マリンレジャーを中心とした観光エリアである白浜駅、熊野古道の入り口の最寄り駅でもある紀伊田辺駅の利用者が多いのですが、全54駅の中にはレトロな駅舎の無人駅もあります。2023年10月、和歌山県有田市にある初島駅・箕島駅・紀伊宮原駅にて、駅を活用したマーケットイベント「きのくに線駅マルシェ」が開催されました。

2022年10月にスタートしたイベントで、開催は今回で3回目。3駅に飲食や雑貨などを扱う35店が集結しました。企画・運営しているみなさんに、お話を伺いました。

駅舎などに「きのくに線駅マルシェ」のポスターを掲示して宣伝。写真は第3回のポスター。イラストはHisae Sasakiさんが担当。
2023年10月に開催された「きのくに線駅マルシェ」の、初島駅での様子。駅前が多くの人で賑わっています。
目次

まちの課題は、列車内や駅でも解決できるのでは?

「きのくに線駅マルシェ」が始まったきっかけは、当時JR紀伊田辺駅の駅長で、現在『西日本旅客鉄道 近畿統括本部 和歌山支社』(以下、JR西日本 和歌山支社)地域共生室の御堂直樹さんのアイデアでした。

「私は和歌山県海南市生まれなのですが、大学時代から京都へ出て、入社後長い間大阪で働いていたので、和歌山で働くのは初めてでした。駅長といっても一つの駅だけを管理するのではなく、きのくに線には無人駅もありますから、27駅を管理していたんです。駅関連だけでなく、まちのことをもっと知りたいと思い各地の市町、行政をまわり『お手伝いできることないですか』とご挨拶もしてまわりました。ローカル線は人と人のつながりが大切なので、積極的にコミュニケーションを取りたいと思ったんです」

そう話す御堂さん。そんな中、有田市役所で聞いたのが「昔は『有田みかん』というブランドが広く知られていたが、今はまちに来る人が減って、昔のようにみかんが売れなくなった」という地域の声でした。糖度の高いおいしいみかんでも、販売に苦労しているようでした。

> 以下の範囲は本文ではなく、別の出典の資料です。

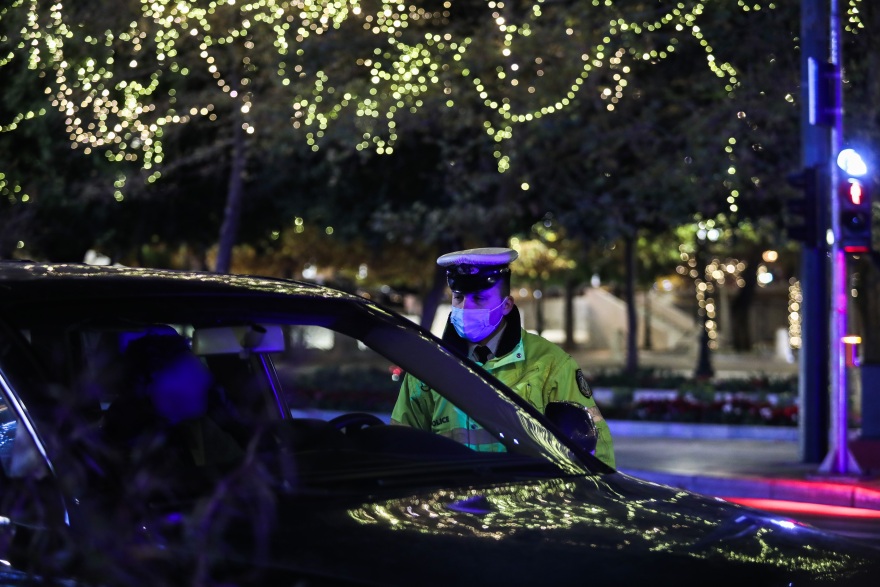 Ξεκίνησε η απαγόρευση της κυκλοφορίας: Αυστηροί έλεγχοι της ΕΛΑΣ στο κέντρο της Αθήνας (βίντεο - φωτογραφίες)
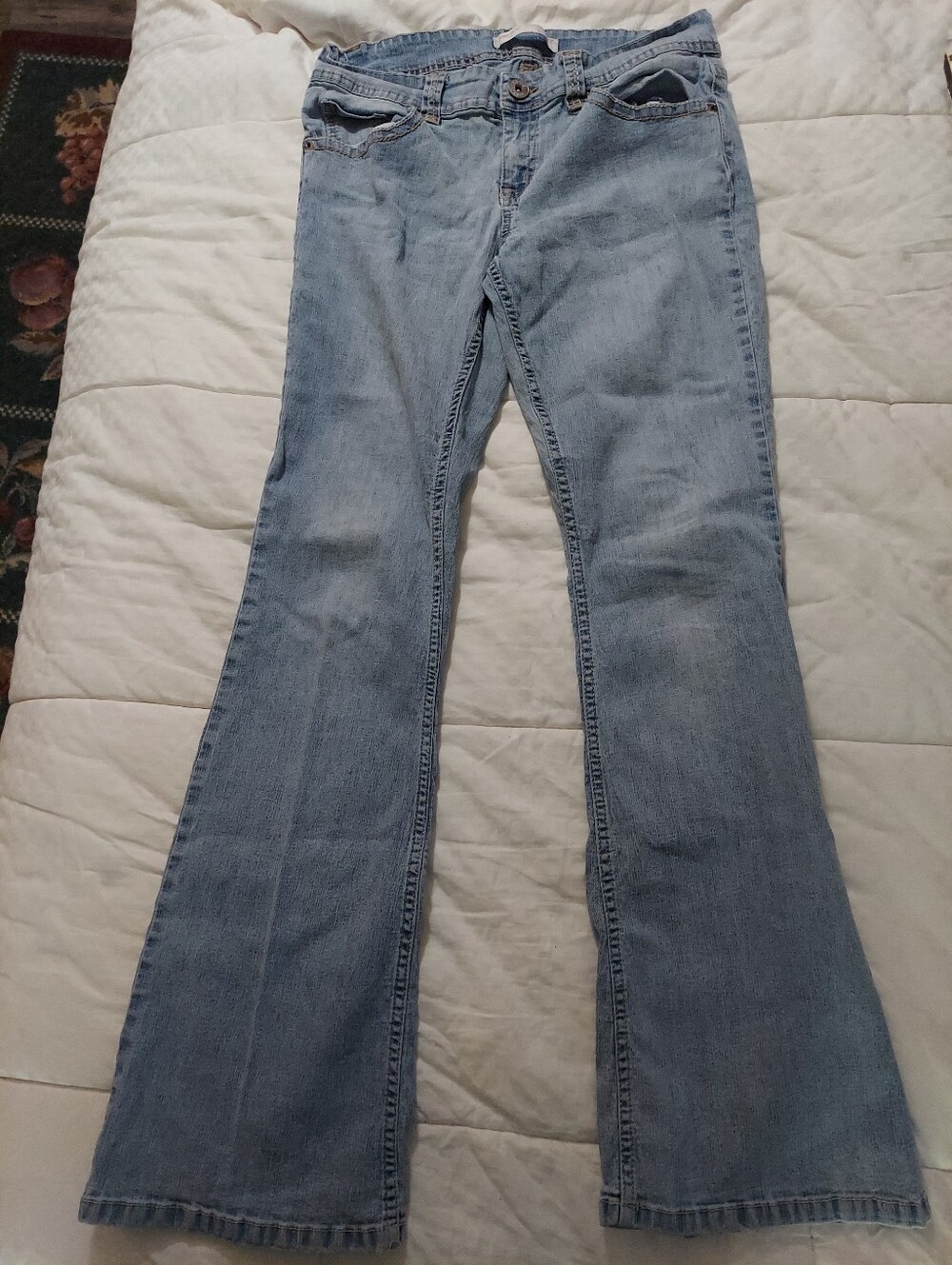 No Boundaries Women’s Light Wash Blue Jeans Stretch - Classic Flare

そこで御堂さんは「『特急くろしお』の車内で、昔車内で駅弁を販売していた時のようなやり方で有田みかんを配り試食してもらい、到着駅の駅構内で売ってみませんか」と提案。価格は、やや高めの5個500円にしても、完売したといいます。

さらに、「有田市内に所在する全3駅、初島駅・箕島駅・紀伊宮原駅で乗降する人が少ない」という話も聞き、御堂さんは他の駅員らを巻き込んで、まちに人を集める方法を考えることに。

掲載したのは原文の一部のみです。